The BS 5837 'Trees in relation to construction --- Recommendations' is the usual tree protection reference guide for a lot of tree work in HK. Even the recent Wong Tai Sin Tree Transplant specifications are making reference to it, although they are referring to the older version of 1991 edition. This older version is now replaced by the 2005 updated version.

Like any other British Standards, the BS 5837 is well written with consideration on all aspects on tree work, although the main emphasis is on temperate trees growing in the British Isles. BS 5837 is a joint effort with contribution from the UK Arboricultural Association, Institution of Civil Engineers, Institution of Structural Engineers, Landscape Institute, Royal Institute of British Architects (RIBA) & a few othres. Therefore it can be seen as an agreement between arborists & professionals of the other trades.

What is significant in this Standard is that the name of 'Arborculturist', or 'Arborist' which we normally call for short, has ever appeared in any of the British Standards. As the British Standards are frequently used in law cases in the UK, Commonwealth & HK, in a way, the position of Arborist is now given a recognition in Courts if this British Standard is ever referred to. This is a significant advance in aboriculture for us in HK indeed.

The term 'Arboriculturist' is defined in section 2.1 of BS 5837 as follows:

"person who has, through relevant education, training & experience, gained recognized qualifications & expertise in the field of trees in relation to construction."

There is no further detailing on the qualification & it will be up to the Court Judges to decide whom an Arborist is. In general, certified arborists, urban foresters, persons holding certificates in arboricultural training, members of the UKAA, etc. would be considered to qualify into the 'Arboriculturist' definition, unless special legal circumstances prevented it so.

BS 5837:2005 has given guidance for a balanced approach on deciding tree preservation on a construction site in a Flow Chart form for easy refernece as in Fig.1. In many of the decision making processes, the requirement of the Arboriculturist is specifically referred to. Trees are carefrully categorized for Removal & Retention. Subcategories are listed to further exemplify on how trees are retained for their arboricultural values, landscape values & cultural values, & not just for their sizes & maturity. Also, a Young Tree is regarded to be a tree with a stem diameter of below 150mm at DBH, & is considered to be relocabable. Transplantation of Mature Tree is not recommended by this Standard, in line with ISA practices.

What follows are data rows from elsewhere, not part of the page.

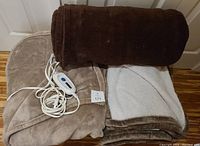 Three brown fleece blankets: one electric with controller and cord, one dark brown rolled, one light brown with white inner lining, displayed on wooden floor.
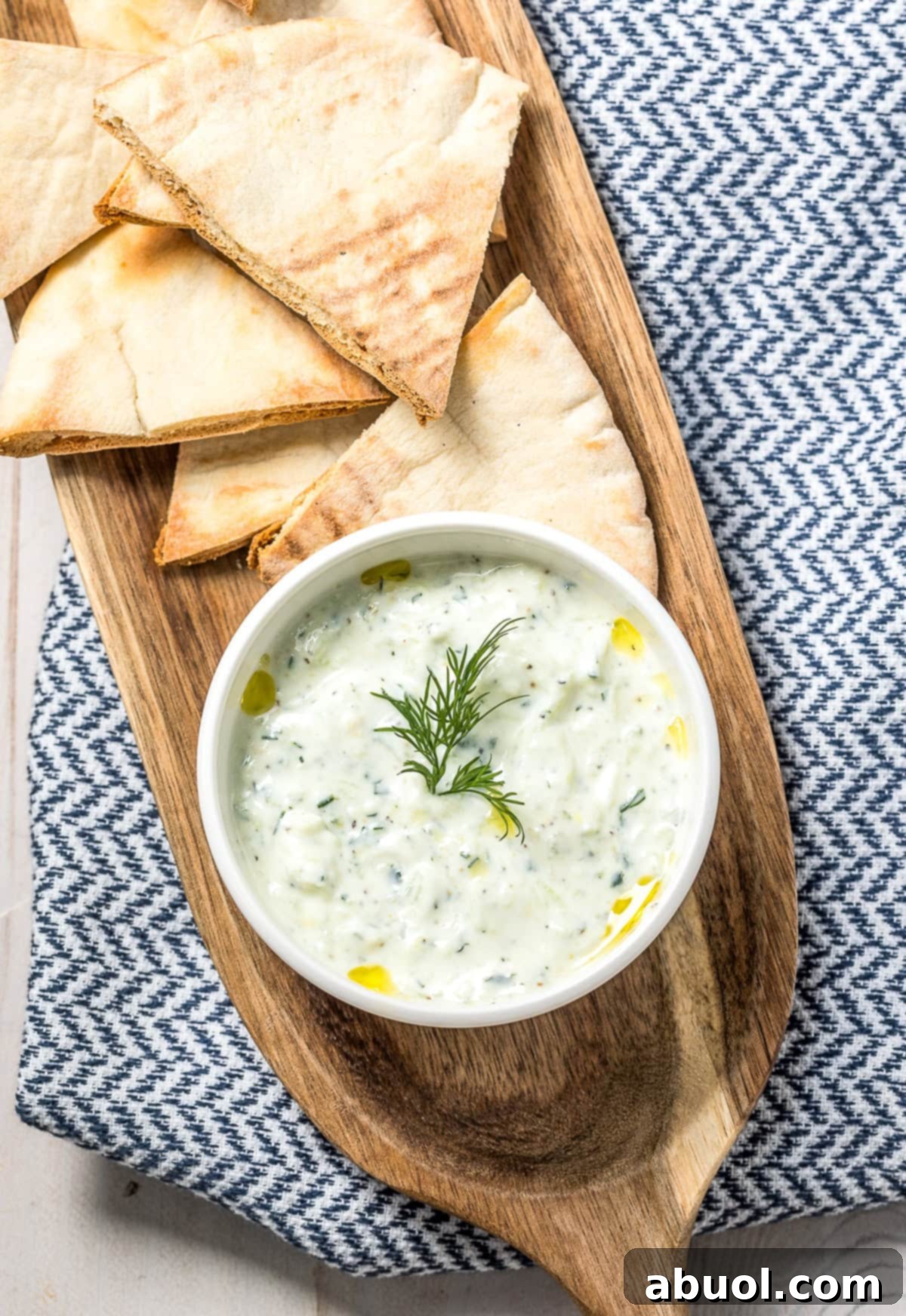 Creamy Tzatziki dip in a white bowl, elegantly placed on a rustic wood platter alongside warm pita bread triangles, ready for dipping.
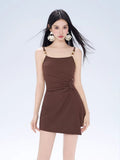Front view of a woman in a brown ribbed knit mini dress with a knot detail and spaghetti straps.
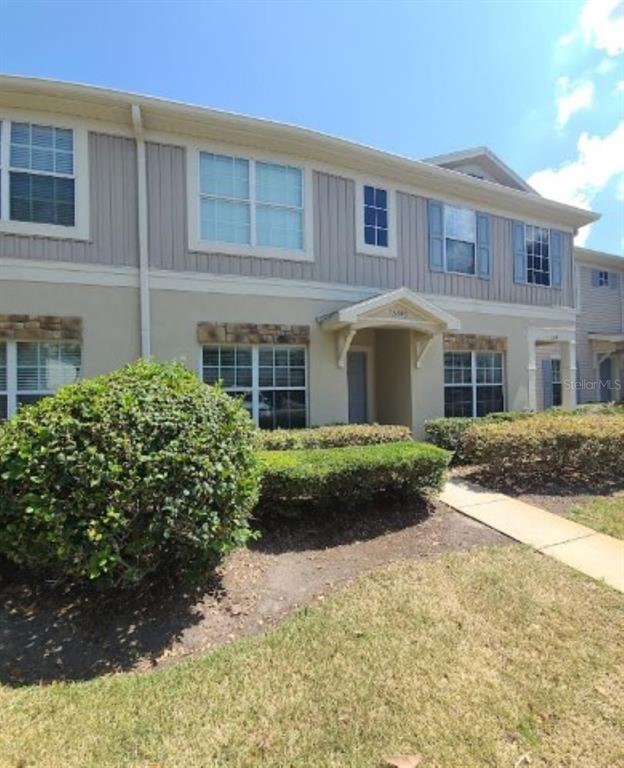 A two-story townhouse exterior features beige stucco, vertical siding, stone accents, and a covered entryway — 15746 STABLE RUN DRIVE, SPRING HILL, FL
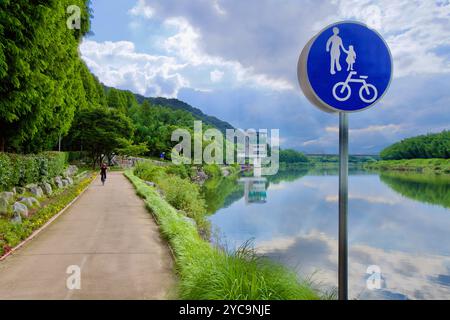 Ulsan, Südkorea - 9. Juli 2019: Ein Fahrrad- und Fußgängerweg entlang des Taehwa River, mit einem blauen Schild, das auf die gemeinsame Nutzung hinweist. Der Taehwa River Obs Stockfoto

Tree survey in BS 5837:2005 is not limited to just sizes, amenity value & health condition only, but a concept of Arboricultural Implication Assessment (AIA) is brought up to consider the full impact of the retention effect of the trees in concern in a development. The life expectency of the tree & its future integration with the development are considered. This is an excellent approach indeed.

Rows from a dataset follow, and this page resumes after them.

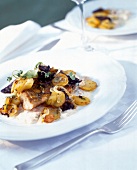 Close-up of champagne tripe with fried walleye fillet and black pudding on plate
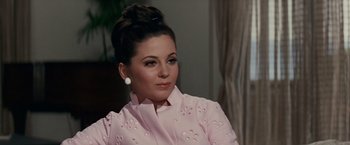 Movie still from “Valley of the Dolls” (1967), directed by Mark Robson – A woman in a pink jacket sitting in front of a window; Close Up shot, Over the shoulder angle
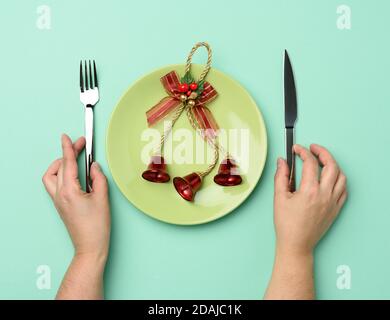 round green ceramic plate, two hands holding a knife and fork on a green background, festive table setting for christmas and new year, top view Stock Photo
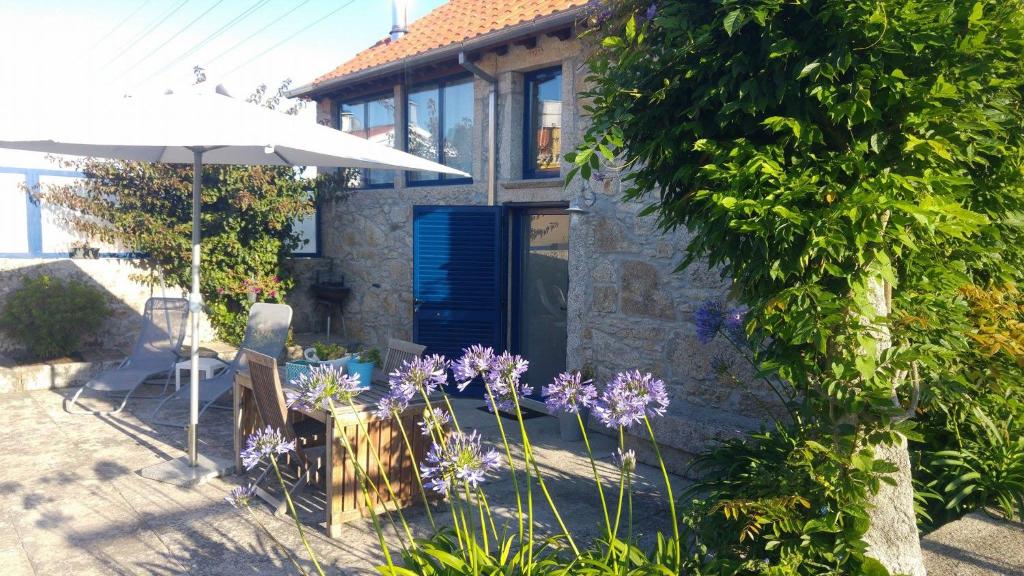 ein Haus mit einem Tisch, einem Regenschirm und lila Blumen in der Unterkunft Casinha Nº461 in Vila Praia de Âncora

With regard to the Tree Protection methods on site, BS 5837 has given several details on the approach & also a guidance on the minimum distance between Young Trees & structure in Table 3, although this Standard is meant to refer to temperate trees in the British Isles. If we refer to this Standard for our subtropical trees in HK, we have to make allowance for that.

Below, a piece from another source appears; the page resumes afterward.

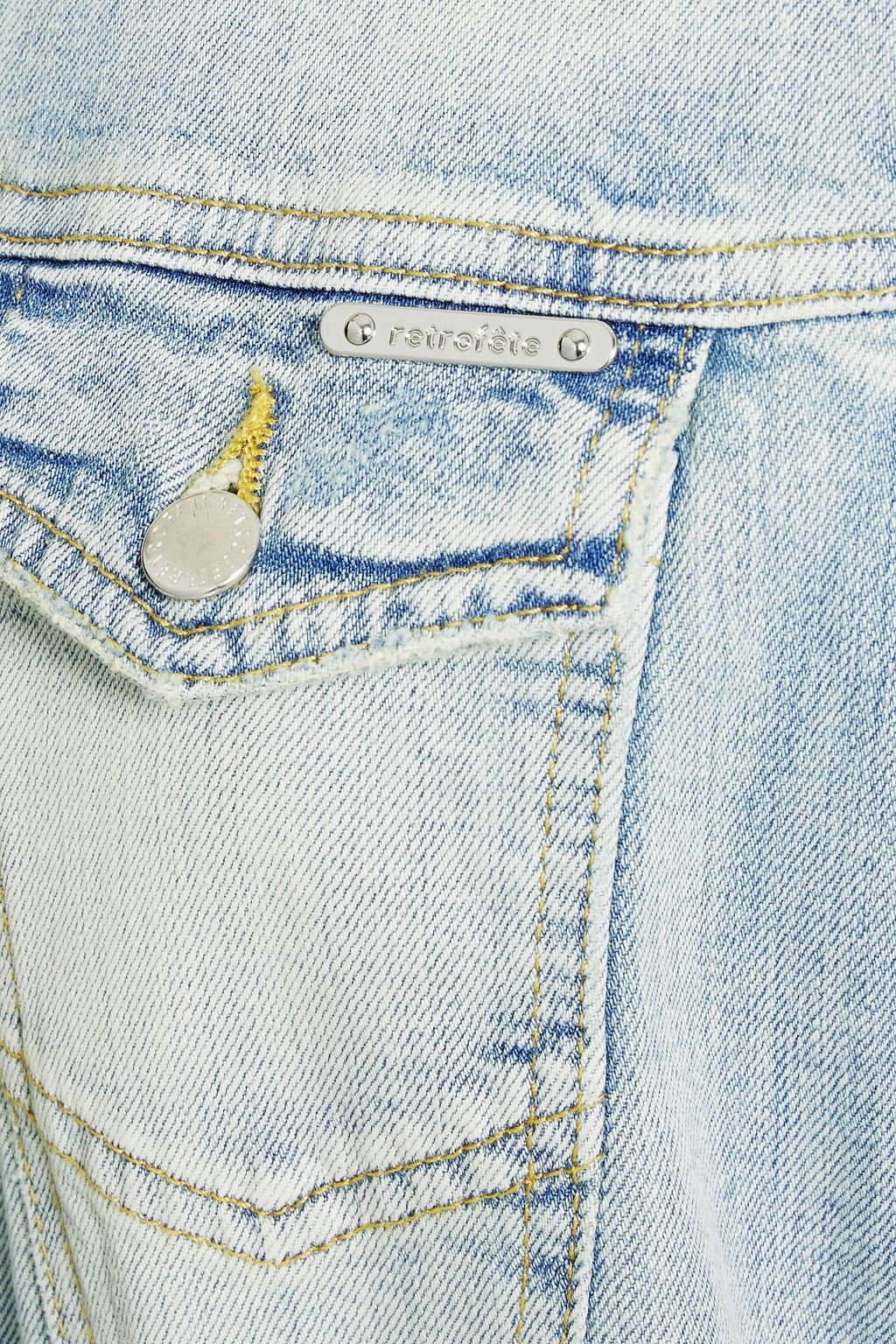 RETROFÊTE Lacey distressed faded denim jumpsuit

Design recommendation is also given to new plantings in a development with considerations for the future impact of the new plantings. A good design in the beginning will save a lot of maintenance work in future, & this Standard recognizes this effect in its section 13.

Lastly, various British laws concerning trees in the design & protection are listed out. It can be seen that trees in Britain are well protected by legislation & are required to be managed by trained professionals.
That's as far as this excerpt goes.